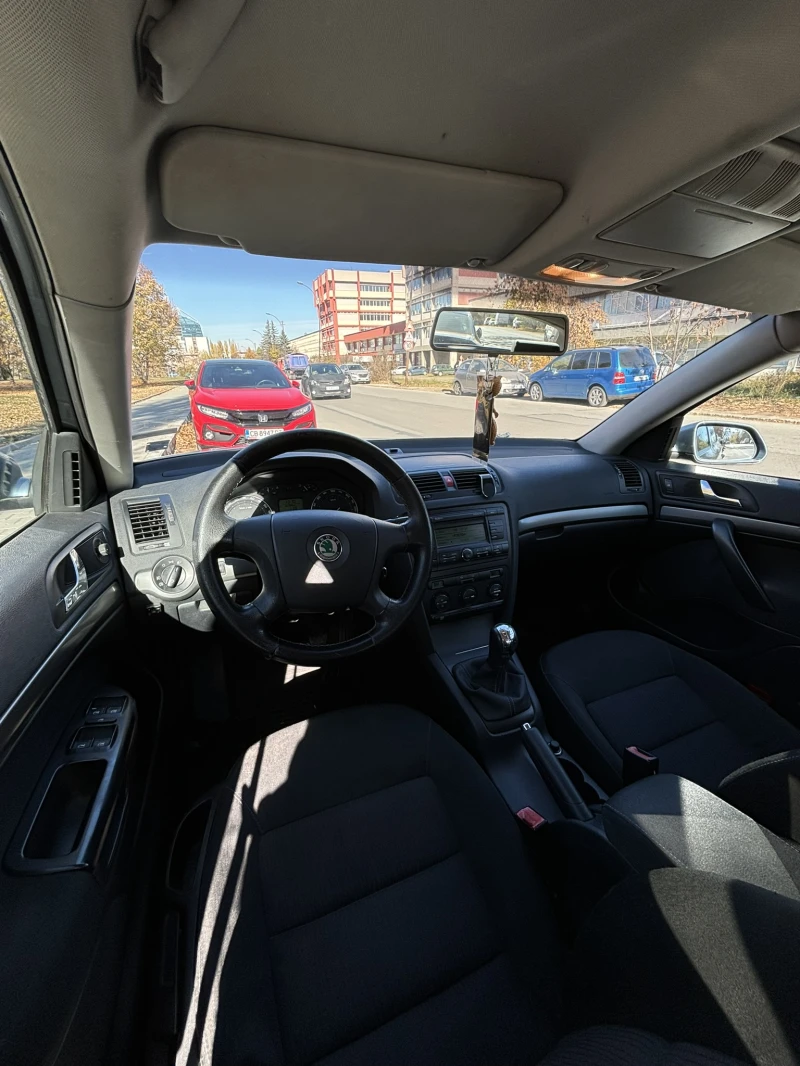 Skoda Octavia 1.6 MPI, снимка 12 - Автомобили и джипове - 47905788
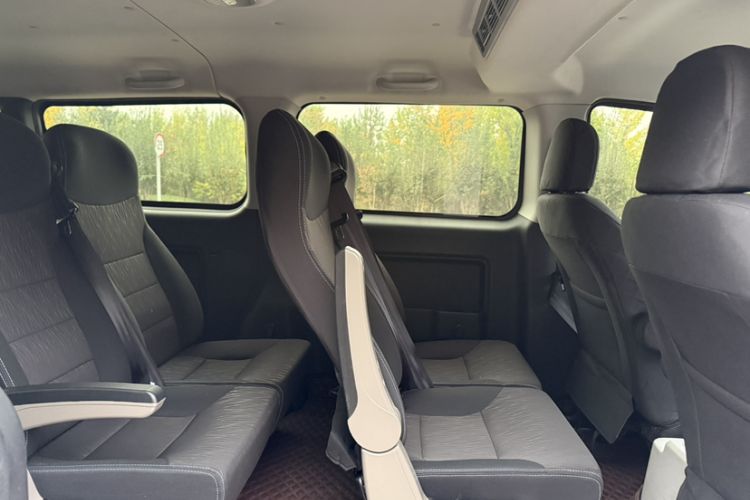 Used JAC Refine M3 2019 PLUS IKEA Edition 1.8L Luxury 9-Seater Interior 8
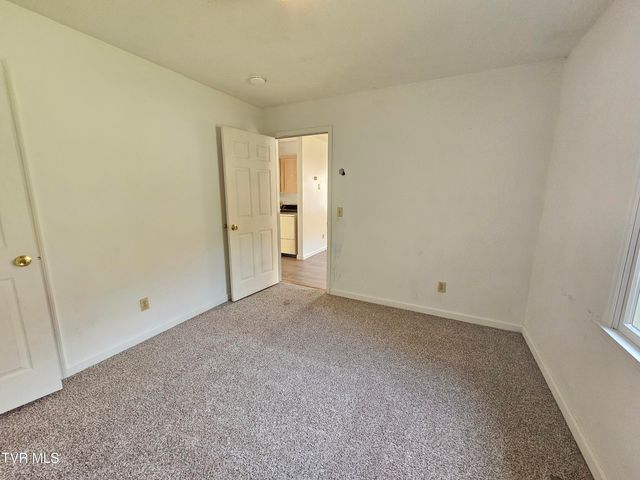 4 Timber Scent, Dante, VA 24237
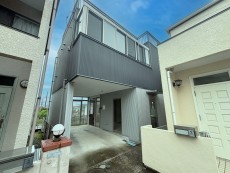 爽やかな青空の下に贅沢なほどに降り注ぐ陽光、豊かな居住性と、クオリティが見事に調和した住空間は、住まうことの喜びを感じさせてくれ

> **TASK OBJECTIVE**: Although the material contains pictures, only the lines are to be written out, exactly as they stand.

> **RESPONSE BOX**:
 Skoda Octavia 1.6 MPI, снимка 12 - Автомобили и джипове - 47905788
 Used JAC Refine M3 2019 PLUS IKEA Edition 1.8L Luxury 9-Seater Interior 8
 4 Timber Scent, Dante, VA 24237
 爽やかな青空の下に贅沢なほどに降り注ぐ陽光、豊かな居住性と、クオリティが見事に調和した住空間は、住まうことの喜びを感じさせてくれ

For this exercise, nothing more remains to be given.